On Mon, 19 Sep 2022 18:06:37 +0000
"Vaittinen, Matti" <Matti.Vaittinen@fi.rohmeurope.com> wrote:

> On 9/19/22 20:18, Jonathan Cameron wrote:
> > On Mon, 19 Sep 2022 16:32:14 +0100
> > Jonathan Cameron <jic23@kernel.org> wrote:
> >   
> >> On Mon, 19 Sep 2022 08:52:38 +0000
> >> "Vaittinen, Matti" <Matti.Vaittinen@fi.rohmeurope.com> wrote:
> >>  
> >>> On 9/9/22 11:12, Vaittinen, Matti wrote:  
> >>>> Hi dee Ho peeps!
> >>>>
> >>>> Disclaimer - I have no HW to test this using real in-tree drivers. If
> >>>> someone has a device with a variant of bmc150 or adxl372 or  - it'd be
> >>>> nice to see if reading hwfifo_watermark_max or hwfifo_watermark_min
> >>>> works with the v6.0-rc4. Maybe I am misreading code and have my own
> >>>> issues - in which case I apologize already now and go to the corner
> >>>> while being deeply ashamed :)  
> >>>
> >>> I would like to add at least the at91-sama5d2_adc (conditonally
> >>> registers the IIO_CONST_ATTR for triggered-buffer) to the list of
> >>> devices that could be potentially tested. I hope some of these devices
> >>> had a user who could either make us worried and verify my assumption -
> >>> or make me ashamed but rest of us relieved :) Eg - I second my request
> >>> for testing this - and add potential owners of at91-sama5d2_adc to the list.
> >>>      
> >>>> On 2/15/21 12:40, Alexandru Ardelean wrote:  
> >>>>> This change wraps all buffer attributes into iio_dev_attr objects, and
> >>>>> assigns a reference to the IIO buffer they belong to.
> >>>>>
> >>>>> With the addition of multiple IIO buffers per one IIO device, we need a way
> >>>>> to know which IIO buffer is being enabled/disabled/controlled.
> >>>>>
> >>>>> We know that all buffer attributes are device_attributes.  
> >>>>
> >>>> I think this assumption is slightly unsafe. I see few drivers adding
> >>>> IIO_CONST_ATTRs in attribute groups. For example the bmc150 and adxl372
> >>>> add the hwfifo_watermark_min and hwfifo_watermark_max.
> >>>>       
> >>>
> >>> and at91-sama5d2_adc
> >>>
> >>> //snip
> >>>      
> >>>> I noticed that using
> >>>> IIO_CONST_ATTRs for triggered buffers seem to cause access to somewhere
> >>>> it shouldn't... Oops.
> >>>>
> >>>> Reading the code allows me to assume the problem is wrapping the
> >>>> attributes to IIO_DEV_ATTRs.
> >>>>
> >>>> static struct attribute *iio_buffer_wrap_attr(struct iio_buffer *buffer,
> >>>> +					      struct attribute *attr)
> >>>> +{
> >>>> +	struct device_attribute *dattr = to_dev_attr(attr);
> >>>> +	struct iio_dev_attr *iio_attr;
> >>>> +
> >>>> +	iio_attr = kzalloc(sizeof(*iio_attr), GFP_KERNEL);
> >>>> +	if (!iio_attr)
> >>>> +		return NULL;
> >>>> +
> >>>> +	iio_attr->buffer = buffer;
> >>>> +	memcpy(&iio_attr->dev_attr, dattr, sizeof(iio_attr->dev_attr));
> >>>>
> >>>> This copy does assume all attributes are device_attrs, and does not take
> >>>> into account that IIO_CONST_ATTRS have the string stored in a struct
> >>>> iio_const_attr which is containing the dev_attr.

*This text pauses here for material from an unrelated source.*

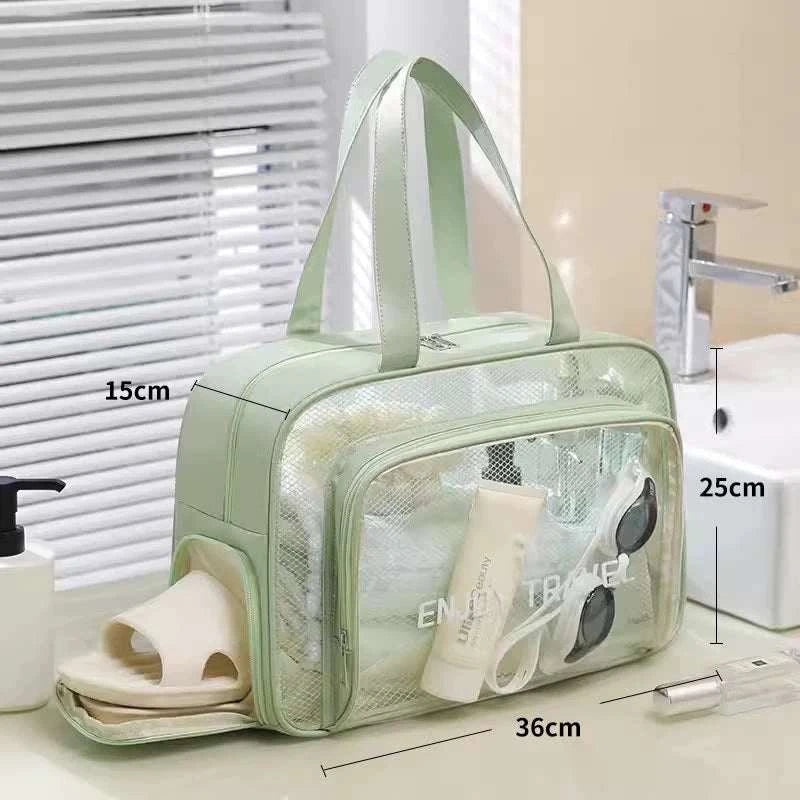 Waterproof Swimming Makeup Bag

Eg, copying in the
> >>>> iio_buffer_wrap_attr() does not copy the string - and later invoking the
> >>>> 'show' callback goes reading something else than the mentioned string
> >>>> because the pointer is not copied.  
> >>>
> >>> Yours,
> >>> 	-- Matti  
> >> Hi Matti,
> >>
> >> +CC Alexandru on a current email address.
> >>
> >> I saw this whilst travelling and completely forgot about when
> >> I was back to normal - so great you sent a follow up!  
> 
> I was also participating at ELCE last week so didn't do much of emails/code.
> 
> >>
> >> Anyhow, your reasoning seems correct and it would be easy enough
> >> to add such a case to iio/dummy/iio_simple_dummy_buffer.c and
> >> provide a clear test for the problem.
> >>
> >> As to solutions. The quickest is probably to switch these const attrs
> >> over to a non const form and add a comment to the header to say they are
> >> unsuitable for use with buffers.  
> > 
> > Thinking a little more on this - all / (most?) of the users pass a null terminated
> > array of struct device_attribute * to *iio_triggered_buffer_setup_ext()
> > 
> > That's then assigned to buffer->attrs.
> > We could add an additional pointer to the struct iio_buffer to take
> > a null terminated array of struct iio_dev_attr *
> > and change the signature of that function to take one of those, thus
> > preventing us using iio_const_attr structures for this.  
> 
> Yes. I would also rather see pointer to array of struct iio_dev_attr * 
> if we continue keeping the assumption that attrs are of type iio_dev_attr.
> 
> > 
> > Then we can wrap those just fine in the code you highlighted and assign the
> > result into buffer->attrs.
> > 
> > We'd need to precede that change with fixes that just switch the
> > iio_const_attr uses over to iio_dev_attr but changing this would ensure no
> > accidental reintroductions of the problem in future drivers (typically
> > as a result of someone forward porting a driver that is out of tree).  
> 
> Again I do agree. Besides change of const_attrs is necessary in any case 
> if we don't change the wrapping.
> 
> >>
> >> Would you like to send patches given you identified the problem?  
> 
> I am in any case about to send couple of patches to IIO. The devm-helper 
> usage (v2 - I sent v1 from my other email address (mazziesaccount) - but 
> I am the same person :] ) and a new accelerometer driver. So, I can look 
> also at this change while I am at it if you're busy).
> 
> >> If not I'm happy to fix these up. My grepping identified the same 3 cases
> >> you found.  
> 
> Feel free to patch this if you wish. Just please let me know if you take 
> care of this so we don't do double the work :)

I'm never one to turn down a volunteer, so I'll leave these for you :)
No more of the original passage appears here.